4 Tips for Managers in a Hybrid World

Whether you’re a seasoned manager of big teams or a brand new manager with just one direct report, managing has never been more challenging.

How much space and autonomy should you give on projects? How often should you check in? How much do you share about upcoming company changes? What personal questions should you ask about a person's wellbeing?

It can be really challenging to know how to adjust your style and approach for remote and hybrid team members - especially at a time where you know there’s a good chance your team members might be open to or actively looking for other opportunities.

If you want to make sure you’re doing everything you can to retain great talent and keep them engaged, be sure you’re following these four simple strategies.

[Related: Three Practices to Help You Adapt, Thrive, and Stay Relevant in the Hybrid Work World]

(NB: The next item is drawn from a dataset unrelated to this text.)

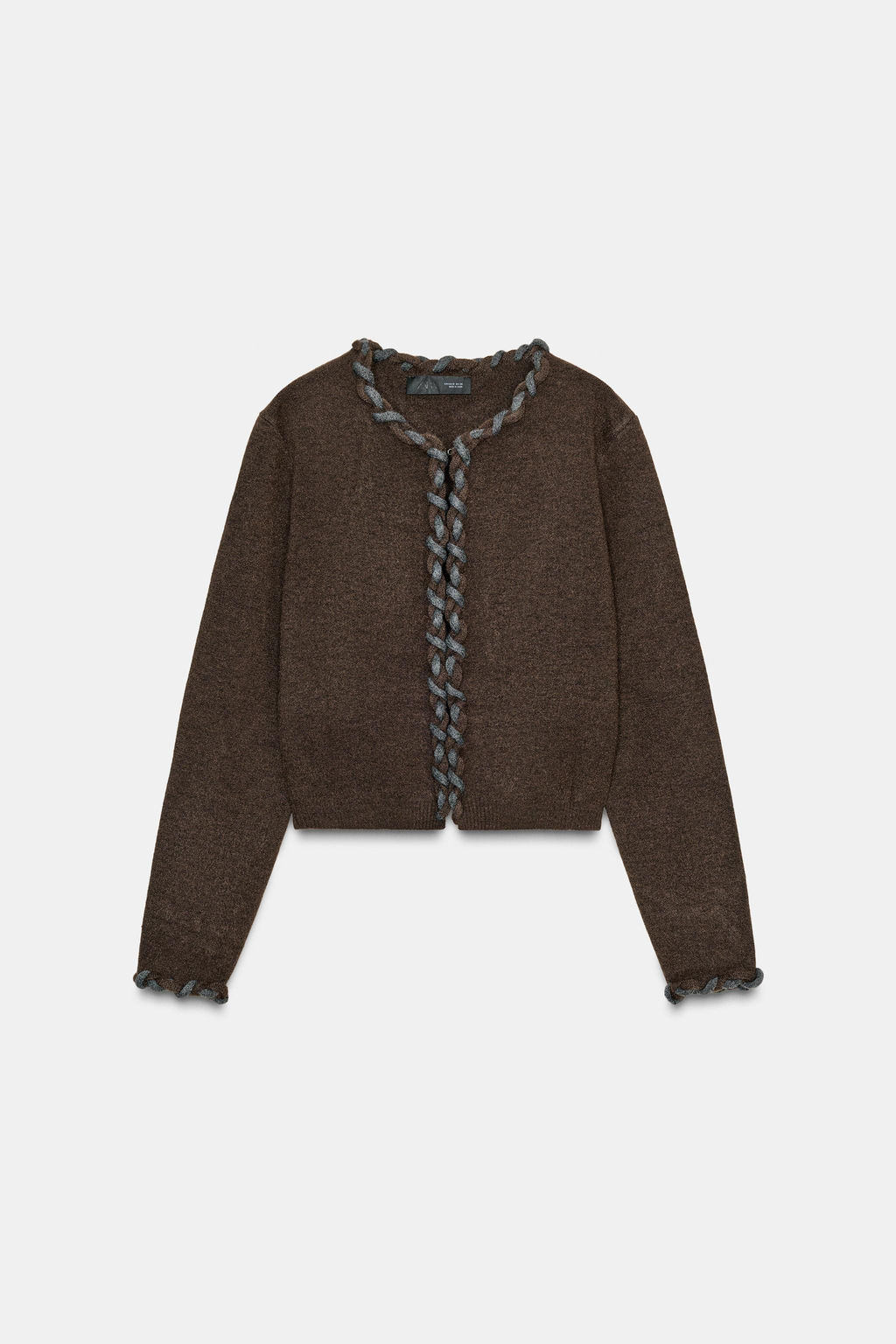 CHAQUETA PUNTO ACABADOS ENTRELAZADOS / Marr?n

1) Ask your team members how they like to be managed.

It sounds so simple and basic. But truly, one of the best things you can do is to have a conversation about how someone likes to work - what styles and approaches work best for them.

Questions like:

  • How can I get the best of you?
  • How would I get the worst of you?
  • What do you need from me to do your best work?
  • Do you like small talk and pleasantries in emails or conversations, or do you prefer to get down to business?
  • How do you feel about texts, audio calls, emails, Slack as different methods of communication?
  • What time of day works best for meetings vs. deep work for you?
  • How do you like to receive recognition?

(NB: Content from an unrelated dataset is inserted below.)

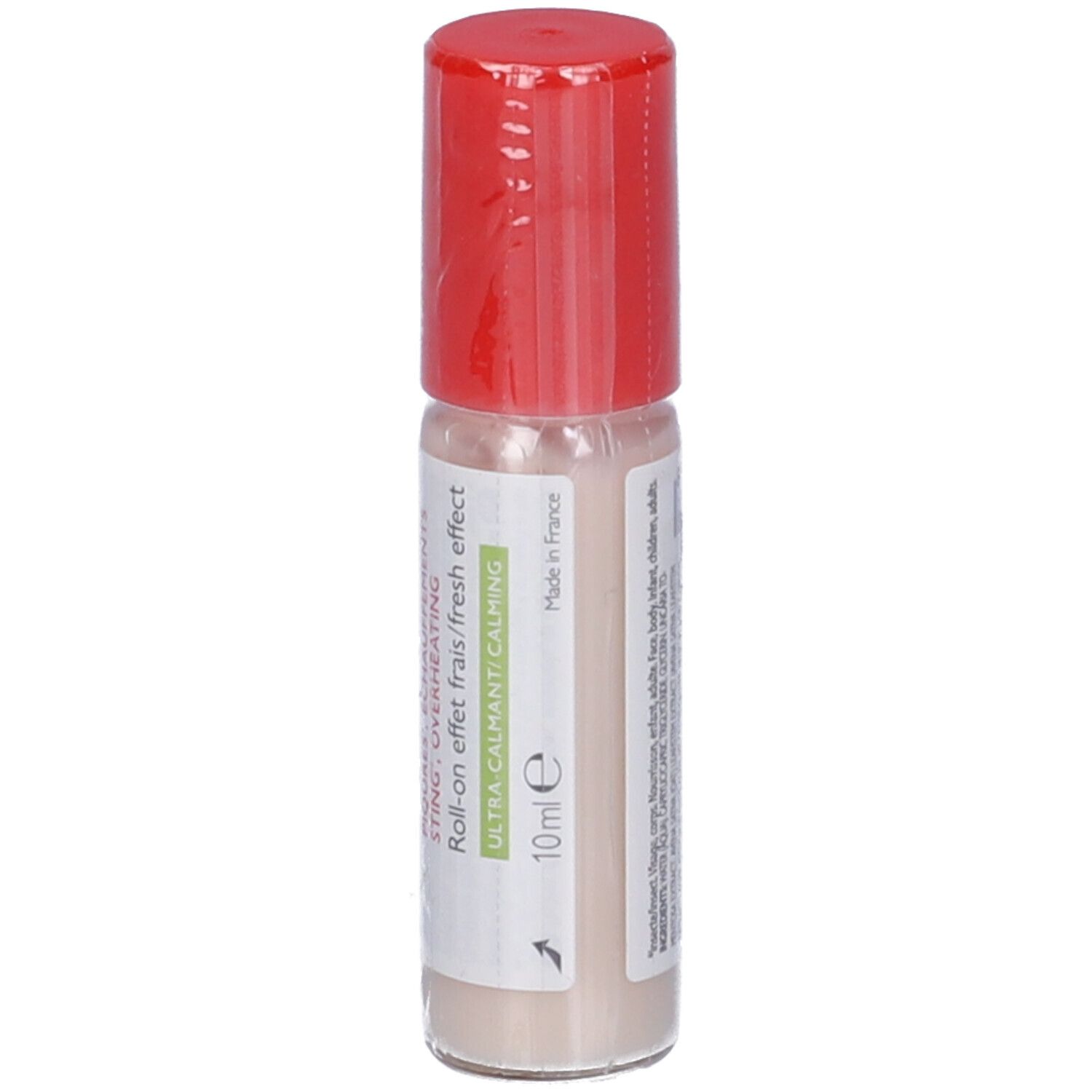Roll-on con tappo rosso. Scritta: A-DERMA, CUTALGAN, PIQÛRES, ÉCHAUFFEMENTS, STING, OVERHEATING. Ultra-calmante/calmante. 10 ml.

Michael Watson talks more about this "style conversation" in his The First 90 Days, which is a great read for anyone stepping into a new role.

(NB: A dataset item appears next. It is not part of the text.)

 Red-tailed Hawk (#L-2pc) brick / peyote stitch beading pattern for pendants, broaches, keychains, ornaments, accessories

Here’s the thing: Everyone is different. If you take the same approach with everyone you manage, you may not be getting the best of each person.

These are so basic and easy to implement, but they make a huge difference. Start by making sure you have the conversation.

2) Regularly meet with those you manage in a meaningful way.

This probably also sounds basic, right?

Much research has been done on the best ways to engage employees, and one of the most effective strategies is to have regular (often weekly) meetings to connect 1:1 with those you manage. Team members who get twice the number of one-on-ones with their manager compared to their peers are 67% less likely to be disengaged.

You probably do meet with your direct reports - but do you stick to those meeting times? Are you discussing bigger goals and their career development?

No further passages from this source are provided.